§ **Data supplied**:
◆ ◆ ◆ ◆
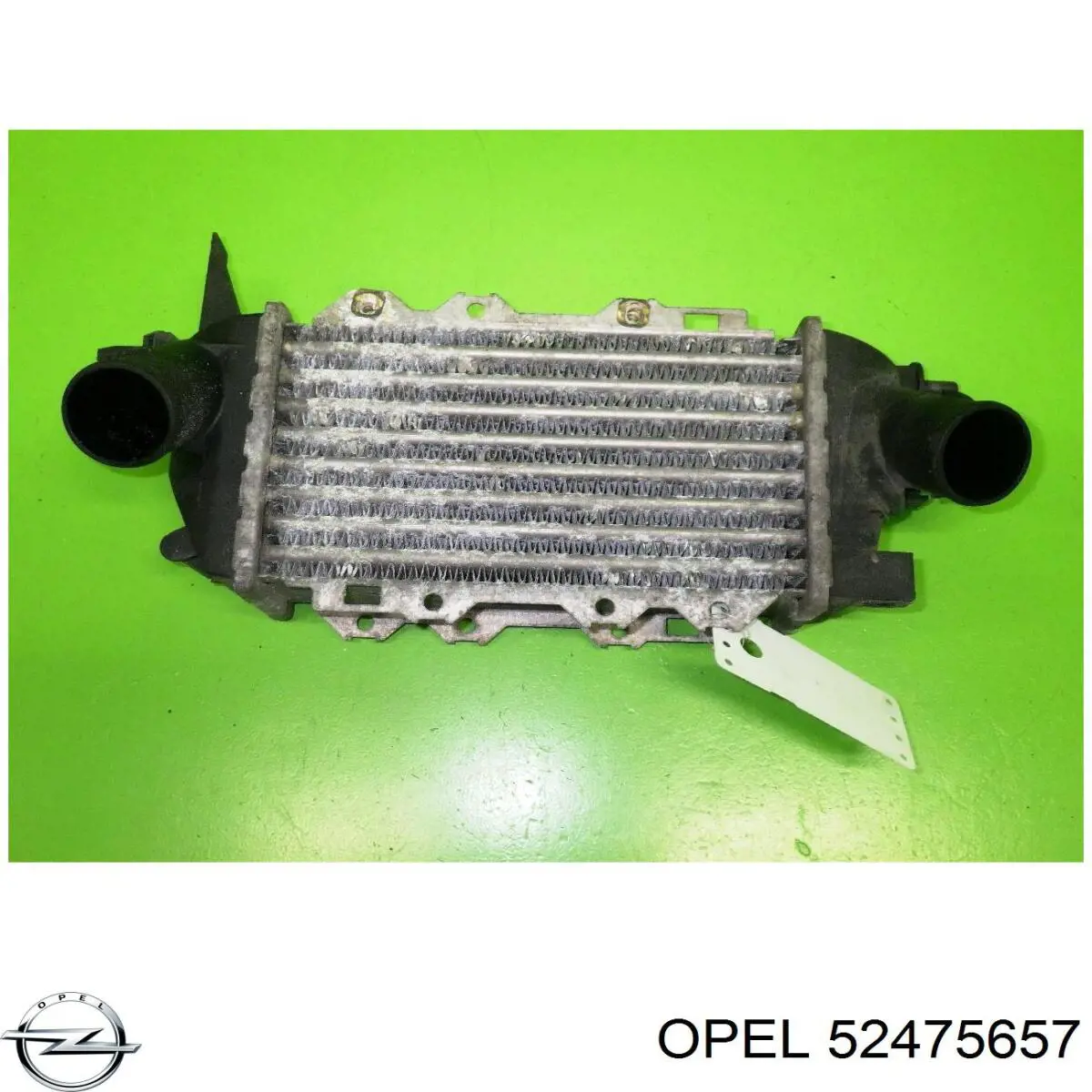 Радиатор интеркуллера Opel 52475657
◆ ◆ ◆ ◆
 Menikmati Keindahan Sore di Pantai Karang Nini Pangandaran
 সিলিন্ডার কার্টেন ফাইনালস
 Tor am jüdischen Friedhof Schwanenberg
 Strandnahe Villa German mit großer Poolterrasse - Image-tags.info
◆ ◆ ◆ ◆
Reproduce exactly the section above that begins at the line containing "Tor am jüdischen Friedhof Schwanenberg" and ends at the line containing "Strandnahe Villa German", leaving out all other lines.

§ **Exercise response**:
 Tor am jüdischen Friedhof Schwanenberg
 Strandnahe Villa German mit großer Poolterrasse - Image-tags.info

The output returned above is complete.